[Study material — start]

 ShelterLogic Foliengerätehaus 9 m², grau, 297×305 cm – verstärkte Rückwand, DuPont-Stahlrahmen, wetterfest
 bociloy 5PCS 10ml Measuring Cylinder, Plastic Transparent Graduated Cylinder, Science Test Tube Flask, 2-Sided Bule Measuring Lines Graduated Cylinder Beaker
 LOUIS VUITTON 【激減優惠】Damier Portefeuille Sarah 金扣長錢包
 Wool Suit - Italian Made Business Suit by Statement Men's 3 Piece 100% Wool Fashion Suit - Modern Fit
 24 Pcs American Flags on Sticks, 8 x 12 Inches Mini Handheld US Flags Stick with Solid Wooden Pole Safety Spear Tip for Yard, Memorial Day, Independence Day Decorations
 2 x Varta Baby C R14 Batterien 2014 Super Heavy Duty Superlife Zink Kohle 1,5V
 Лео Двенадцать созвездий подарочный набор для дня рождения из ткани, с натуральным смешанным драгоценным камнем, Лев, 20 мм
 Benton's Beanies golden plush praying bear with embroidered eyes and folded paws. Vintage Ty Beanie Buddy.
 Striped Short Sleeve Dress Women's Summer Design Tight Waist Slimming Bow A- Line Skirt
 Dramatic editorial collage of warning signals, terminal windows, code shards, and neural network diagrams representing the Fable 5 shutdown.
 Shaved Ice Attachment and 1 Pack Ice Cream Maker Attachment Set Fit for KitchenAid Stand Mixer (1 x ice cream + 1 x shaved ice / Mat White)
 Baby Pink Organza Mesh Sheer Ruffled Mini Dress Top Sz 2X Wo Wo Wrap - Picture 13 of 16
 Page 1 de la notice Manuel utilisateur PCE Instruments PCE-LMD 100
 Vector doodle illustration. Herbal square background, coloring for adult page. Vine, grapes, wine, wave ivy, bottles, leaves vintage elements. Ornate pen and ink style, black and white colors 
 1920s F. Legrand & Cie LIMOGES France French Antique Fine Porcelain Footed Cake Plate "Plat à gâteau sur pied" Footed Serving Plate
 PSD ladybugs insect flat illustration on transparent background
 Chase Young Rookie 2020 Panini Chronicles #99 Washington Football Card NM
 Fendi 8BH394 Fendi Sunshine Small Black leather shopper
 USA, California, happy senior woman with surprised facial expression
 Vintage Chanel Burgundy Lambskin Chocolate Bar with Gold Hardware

[Study material — finish]

Exercise directions
From the first line of the records through the line with "2 x Varta Baby", retype everything word for word, including both ends.

Answer to this problem
 ShelterLogic Foliengerätehaus 9 m², grau, 297×305 cm – verstärkte Rückwand, DuPont-Stahlrahmen, wetterfest
 bociloy 5PCS 10ml Measuring Cylinder, Plastic Transparent Graduated Cylinder, Science Test Tube Flask, 2-Sided Bule Measuring Lines Graduated Cylinder Beaker
 LOUIS VUITTON 【激減優惠】Damier Portefeuille Sarah 金扣長錢包
 Wool Suit - Italian Made Business Suit by Statement Men's 3 Piece 100% Wool Fashion Suit - Modern Fit
 24 Pcs American Flags on Sticks, 8 x 12 Inches Mini Handheld US Flags Stick with Solid Wooden Pole Safety Spear Tip for Yard, Memorial Day, Independence Day Decorations
 2 x Varta Baby C R14 Batterien 2014 Super Heavy Duty Superlife Zink Kohle 1,5V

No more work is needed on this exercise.